[Records excerpted from a collection]

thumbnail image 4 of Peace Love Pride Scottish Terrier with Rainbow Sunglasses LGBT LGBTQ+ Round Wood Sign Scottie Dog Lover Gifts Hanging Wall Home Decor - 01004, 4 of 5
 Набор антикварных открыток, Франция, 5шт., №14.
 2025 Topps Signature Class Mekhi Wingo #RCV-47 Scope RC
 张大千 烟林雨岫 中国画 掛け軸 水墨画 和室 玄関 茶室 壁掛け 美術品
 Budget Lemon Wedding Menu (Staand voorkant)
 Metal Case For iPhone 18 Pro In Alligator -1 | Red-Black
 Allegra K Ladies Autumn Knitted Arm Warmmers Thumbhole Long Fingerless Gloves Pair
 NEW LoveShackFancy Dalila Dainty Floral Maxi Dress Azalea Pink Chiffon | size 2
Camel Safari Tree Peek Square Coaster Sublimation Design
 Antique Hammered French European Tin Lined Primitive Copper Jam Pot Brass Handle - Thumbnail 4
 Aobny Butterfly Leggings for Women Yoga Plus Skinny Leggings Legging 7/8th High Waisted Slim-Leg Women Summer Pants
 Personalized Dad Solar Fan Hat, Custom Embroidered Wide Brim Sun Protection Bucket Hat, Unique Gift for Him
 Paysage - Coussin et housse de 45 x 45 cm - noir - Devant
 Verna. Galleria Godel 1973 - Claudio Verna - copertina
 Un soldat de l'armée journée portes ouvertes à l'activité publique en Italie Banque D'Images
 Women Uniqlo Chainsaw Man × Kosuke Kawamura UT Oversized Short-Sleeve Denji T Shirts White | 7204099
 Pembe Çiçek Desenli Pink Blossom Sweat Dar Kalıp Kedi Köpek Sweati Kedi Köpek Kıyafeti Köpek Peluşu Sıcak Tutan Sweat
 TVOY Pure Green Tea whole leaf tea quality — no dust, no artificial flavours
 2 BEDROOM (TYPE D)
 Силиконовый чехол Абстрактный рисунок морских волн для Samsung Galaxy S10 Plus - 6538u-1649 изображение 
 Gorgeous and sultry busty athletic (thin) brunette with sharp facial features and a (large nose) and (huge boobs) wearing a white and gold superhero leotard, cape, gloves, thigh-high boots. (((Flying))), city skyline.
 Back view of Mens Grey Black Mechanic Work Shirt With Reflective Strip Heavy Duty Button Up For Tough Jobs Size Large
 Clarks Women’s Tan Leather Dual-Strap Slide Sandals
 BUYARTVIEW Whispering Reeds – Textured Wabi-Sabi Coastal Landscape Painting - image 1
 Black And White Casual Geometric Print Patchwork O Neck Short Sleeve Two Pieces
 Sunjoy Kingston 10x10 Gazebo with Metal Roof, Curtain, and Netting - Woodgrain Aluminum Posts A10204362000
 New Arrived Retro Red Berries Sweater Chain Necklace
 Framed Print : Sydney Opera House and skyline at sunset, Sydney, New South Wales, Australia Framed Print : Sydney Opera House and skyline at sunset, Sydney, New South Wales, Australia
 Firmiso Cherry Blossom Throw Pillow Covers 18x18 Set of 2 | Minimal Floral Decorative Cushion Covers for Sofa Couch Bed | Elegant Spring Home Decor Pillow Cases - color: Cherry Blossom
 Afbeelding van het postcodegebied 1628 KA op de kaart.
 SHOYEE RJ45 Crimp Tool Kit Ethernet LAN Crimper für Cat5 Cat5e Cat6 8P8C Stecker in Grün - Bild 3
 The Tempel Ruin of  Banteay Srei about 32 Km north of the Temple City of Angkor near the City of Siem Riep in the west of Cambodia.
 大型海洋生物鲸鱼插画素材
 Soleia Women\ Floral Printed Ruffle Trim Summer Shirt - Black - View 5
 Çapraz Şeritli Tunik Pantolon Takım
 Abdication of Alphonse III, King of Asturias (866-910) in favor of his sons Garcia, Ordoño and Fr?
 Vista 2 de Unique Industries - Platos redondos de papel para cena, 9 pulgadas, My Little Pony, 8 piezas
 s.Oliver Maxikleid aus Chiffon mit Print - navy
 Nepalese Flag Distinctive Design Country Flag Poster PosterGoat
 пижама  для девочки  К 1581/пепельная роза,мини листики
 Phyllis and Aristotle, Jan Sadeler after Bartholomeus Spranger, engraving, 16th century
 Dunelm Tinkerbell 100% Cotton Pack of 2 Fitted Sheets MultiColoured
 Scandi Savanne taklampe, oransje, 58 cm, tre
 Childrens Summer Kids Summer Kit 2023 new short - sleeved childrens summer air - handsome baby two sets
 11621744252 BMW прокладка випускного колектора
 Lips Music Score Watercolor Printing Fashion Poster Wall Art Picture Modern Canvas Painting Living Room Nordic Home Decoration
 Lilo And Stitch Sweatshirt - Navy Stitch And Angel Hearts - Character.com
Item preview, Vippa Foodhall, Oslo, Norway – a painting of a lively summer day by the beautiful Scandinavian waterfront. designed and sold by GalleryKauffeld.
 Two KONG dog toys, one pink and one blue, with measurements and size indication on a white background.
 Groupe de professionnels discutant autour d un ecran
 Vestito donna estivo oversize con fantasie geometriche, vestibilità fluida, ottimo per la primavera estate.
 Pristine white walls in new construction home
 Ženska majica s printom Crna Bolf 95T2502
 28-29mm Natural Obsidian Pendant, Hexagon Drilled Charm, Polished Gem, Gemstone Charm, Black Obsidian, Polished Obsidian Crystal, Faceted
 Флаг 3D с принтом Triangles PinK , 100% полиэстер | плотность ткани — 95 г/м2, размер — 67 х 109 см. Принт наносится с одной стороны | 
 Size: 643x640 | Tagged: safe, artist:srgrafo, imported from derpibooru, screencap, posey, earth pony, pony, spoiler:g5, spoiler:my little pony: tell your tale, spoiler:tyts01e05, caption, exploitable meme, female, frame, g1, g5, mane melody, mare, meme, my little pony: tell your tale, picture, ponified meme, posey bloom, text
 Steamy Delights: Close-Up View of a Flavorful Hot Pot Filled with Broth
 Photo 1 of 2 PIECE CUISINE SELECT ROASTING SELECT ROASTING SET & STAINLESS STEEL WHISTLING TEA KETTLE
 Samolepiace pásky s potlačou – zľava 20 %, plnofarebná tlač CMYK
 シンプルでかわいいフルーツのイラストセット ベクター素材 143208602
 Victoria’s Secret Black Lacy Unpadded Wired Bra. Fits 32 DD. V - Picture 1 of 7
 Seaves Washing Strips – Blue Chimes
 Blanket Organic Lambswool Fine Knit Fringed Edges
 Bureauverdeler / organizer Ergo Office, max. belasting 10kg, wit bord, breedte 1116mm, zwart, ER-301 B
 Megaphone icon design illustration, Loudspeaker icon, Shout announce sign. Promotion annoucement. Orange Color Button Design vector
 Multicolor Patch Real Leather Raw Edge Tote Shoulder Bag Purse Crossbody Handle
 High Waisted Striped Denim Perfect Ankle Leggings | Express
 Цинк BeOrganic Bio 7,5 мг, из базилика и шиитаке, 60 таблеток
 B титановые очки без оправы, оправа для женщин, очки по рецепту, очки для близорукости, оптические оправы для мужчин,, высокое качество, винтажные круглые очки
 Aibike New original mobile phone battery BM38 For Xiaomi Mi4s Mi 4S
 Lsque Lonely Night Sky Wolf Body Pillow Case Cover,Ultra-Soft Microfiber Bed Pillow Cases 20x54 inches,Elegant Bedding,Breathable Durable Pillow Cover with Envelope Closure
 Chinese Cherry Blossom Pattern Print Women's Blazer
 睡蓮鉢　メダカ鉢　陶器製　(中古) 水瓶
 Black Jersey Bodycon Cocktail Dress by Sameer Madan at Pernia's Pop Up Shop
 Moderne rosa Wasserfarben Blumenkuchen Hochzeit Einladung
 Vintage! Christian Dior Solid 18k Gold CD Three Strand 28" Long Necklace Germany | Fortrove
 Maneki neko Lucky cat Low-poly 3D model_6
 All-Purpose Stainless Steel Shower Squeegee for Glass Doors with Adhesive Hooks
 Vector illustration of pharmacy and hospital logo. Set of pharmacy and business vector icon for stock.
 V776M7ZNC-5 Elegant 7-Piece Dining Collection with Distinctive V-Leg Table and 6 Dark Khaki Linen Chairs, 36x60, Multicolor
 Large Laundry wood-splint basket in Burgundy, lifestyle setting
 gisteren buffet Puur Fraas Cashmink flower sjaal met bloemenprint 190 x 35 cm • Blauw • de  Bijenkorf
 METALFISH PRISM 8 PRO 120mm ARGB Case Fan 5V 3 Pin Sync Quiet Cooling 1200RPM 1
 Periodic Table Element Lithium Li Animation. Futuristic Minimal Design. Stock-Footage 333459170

(Exercise aim):
Only the lines above from the one with "Clarks Women’s Tan" up to and including the one with "Black And White" should be repeated, exactly as written.

(Expected answer):
 Clarks Women’s Tan Leather Dual-Strap Slide Sandals
 BUYARTVIEW Whispering Reeds – Textured Wabi-Sabi Coastal Landscape Painting - image 1
 Black And White Casual Geometric Print Patchwork O Neck Short Sleeve Two Pieces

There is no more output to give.